Today, Xenon is trading at a valuation that suggests the market is under-rating XEN-1101's potential as a MDD treatment. If the upcoming phase two trial succeeds -- which I believe it likely will -- then Xenon's stock is due for a re-valuation by Mr. Market; the potential for all-time highs is around the corner.
Given these reasons, I would assign Xenon Pharmaceuticals a buy rating, with a conservative price target of $51.
Why This Upcoming MDD Readout Is So Important
Before diving into XEN-1101's chances of success in its upcoming MDD trial, it is worth highlighting why this read-out is so pivotal. If XEN-1101 shows success in treating MDD, then it would also become a much more appealing anti-seizure treatment. Focal onset epilepsy and major depressive disorder are co-morbid conditions , with many linkage points. If XEN-1101 is able to treat both at the same time, then it would position itself as a grand-slam anti-epilepsy medication, greatly improving its sales potential.
XEN-1101 has already shown remarkable efficacy in reducing focal onset seizures among those diagnosed with epilepsy.
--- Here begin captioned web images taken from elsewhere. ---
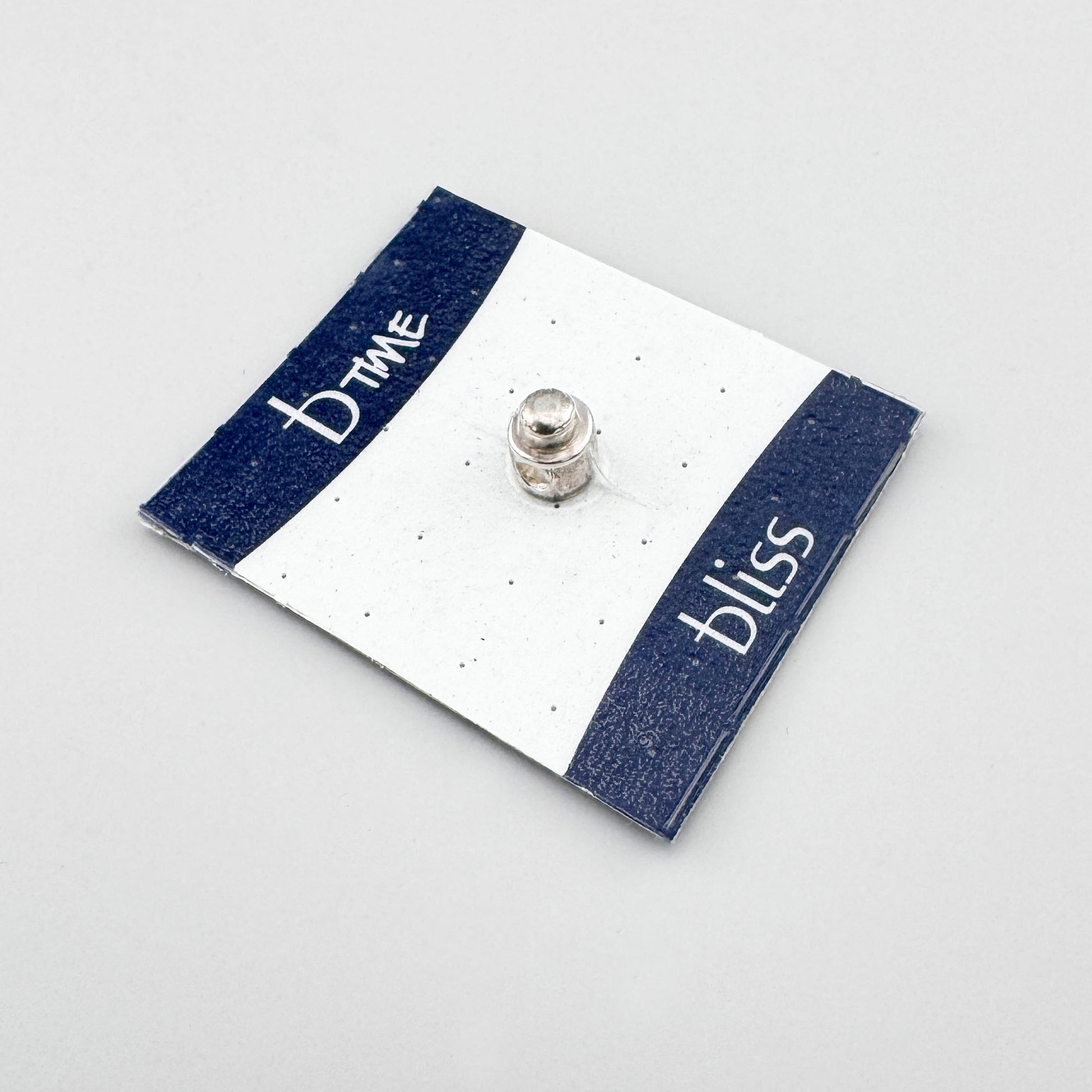 Silver screw charm by Bliss Gioielli displayed on a branded card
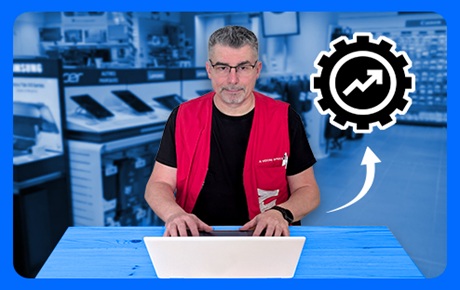 Un vendeur Darty assis à son bureau derrière un pc portable blanc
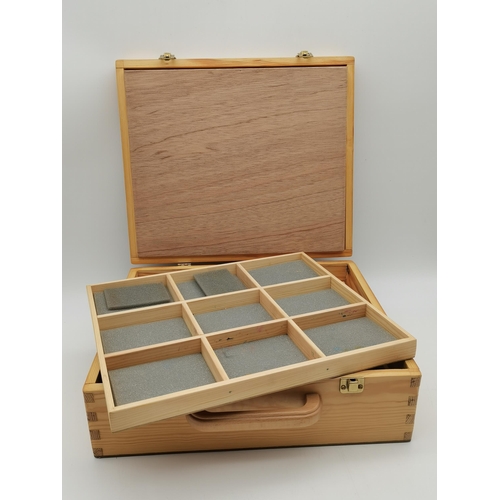 297 - A modern wooden craft box, with three removable compartmentalised trays; together with a small album... 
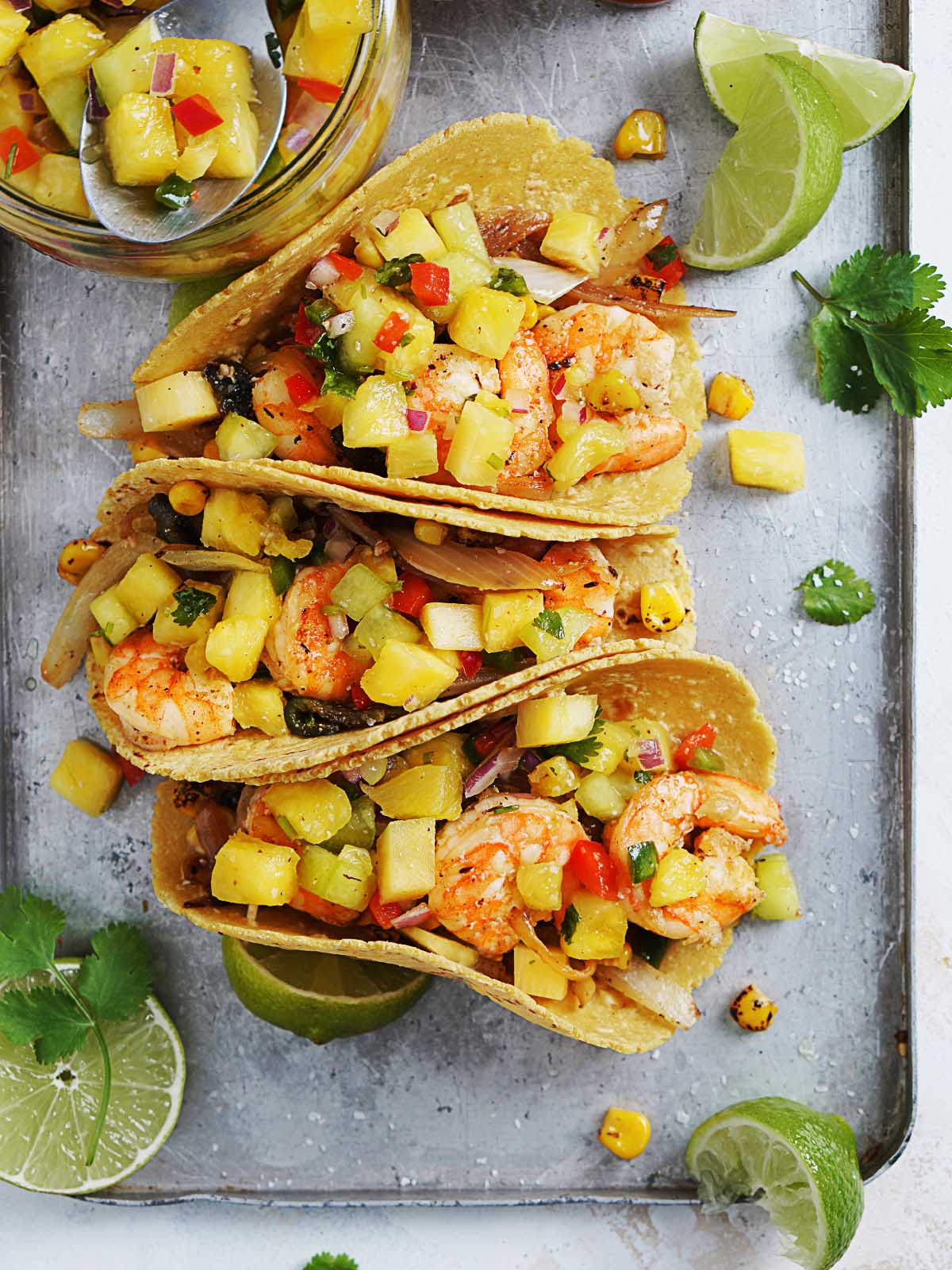 A tray with shrimp tacos topped with pineapple salsa. 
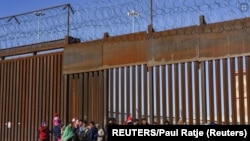 Migrantes de Nicaragua, Ecuador y otras nacionalidades en una puerta en el muro fronterizo esperando ser recogidos por la Patrulla Fronteriza de Estados Unidos en El Paso, Texas, EE. UU., 4 de enero de 2023. REUTERS/Paul Ratje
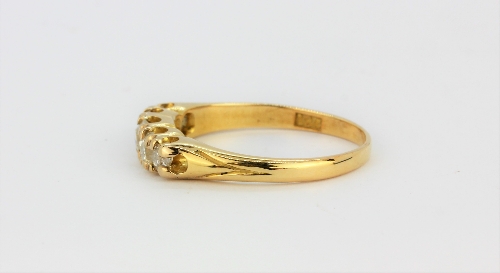 An 18ct yellow gold ring set with five graduated old cut diamonds, (P.5). - Image 2 of 2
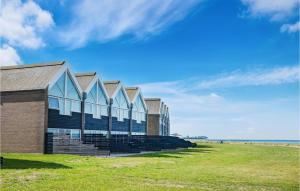 a building on a grass field next to the ocean at Nice Home In Assens With Kitchen in Assens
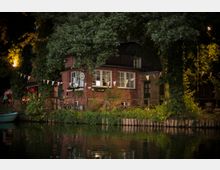 Backsteingebäude an einem Flussufer, umgeben von Bäumen und dekoriert mit Wimpelketten. Im Vordergrund spiegelt sich das Gebäude im Wasser, während Lichter die Szene dezent beleuchten.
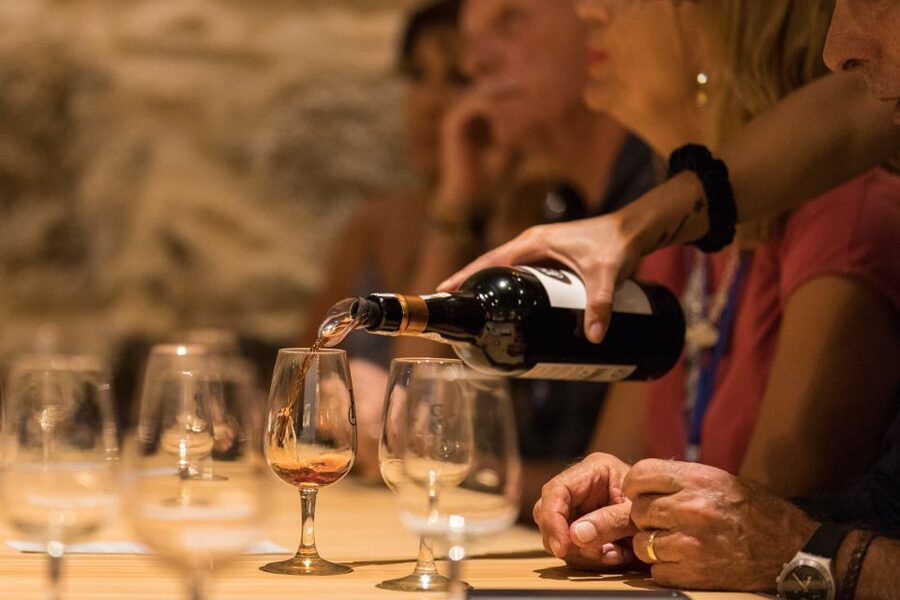 Porto: Guided Tour and Tasting of 3 Port Wines at Poças - Entering the ageing cellar: where the century-matured magic happens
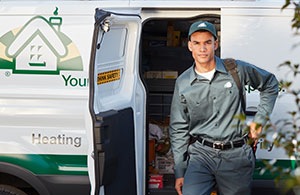 ai_aboutmeenan Service tech in front of van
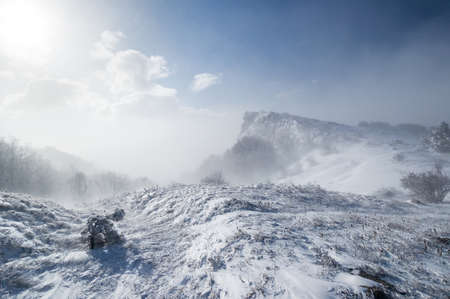 Snowstorm in the winter mountainsの写真素材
In a phase 2b trial (X-TOLE) that enrolled over 300 patients , XEN-1101 successfully hit all primary and secondary endpoints with statistical significance among all three dosages.
The median (IQR) percent reduction from baseline in monthly FOS frequency was 52.8% ( P < .001 vs placebo; IQR, ?80.4% to ?16.9%) for 25 mg, 46.4% ( P < .001 vs placebo; IQR, ?76.7% to ?14.0%) for 20 mg, and 33.2% ( P = .04 vs placebo; IQR, ?61.8% to 0.0%) for 10 mg, compared with 18.2% (IQR, ?37.3% to 7.0%) for placebo. XEN1101 was generally well tolerated and TEAEs were similar to those of commonly prescribed ASMs, and no TEAEs leading to death were reported.
Source: Efficacy and Safety of XEN-1101, a Novel Potassium Opener, in Adults With Focal Epilepsy, JAMA .
Moreover, the drug was generally well-tolerated with no significant adverse events. Since the study concluded, no retinal or skin issues have been reported, which were adverse events that affected Ezogabine - an older generation KCNQ/Kv7 potassium channel opener.
Worth noting is that, unlike other anti-seizure medications, XEN-1101 requires no titration and can be taken only once a day. The effect is rapid-onset, and the patient pool in the previously mentioned phase 2b trial had tried and stopped a median of six prior anti-seizure medications. Showing success in such a difficult to treat patient sample is no small accomplishment.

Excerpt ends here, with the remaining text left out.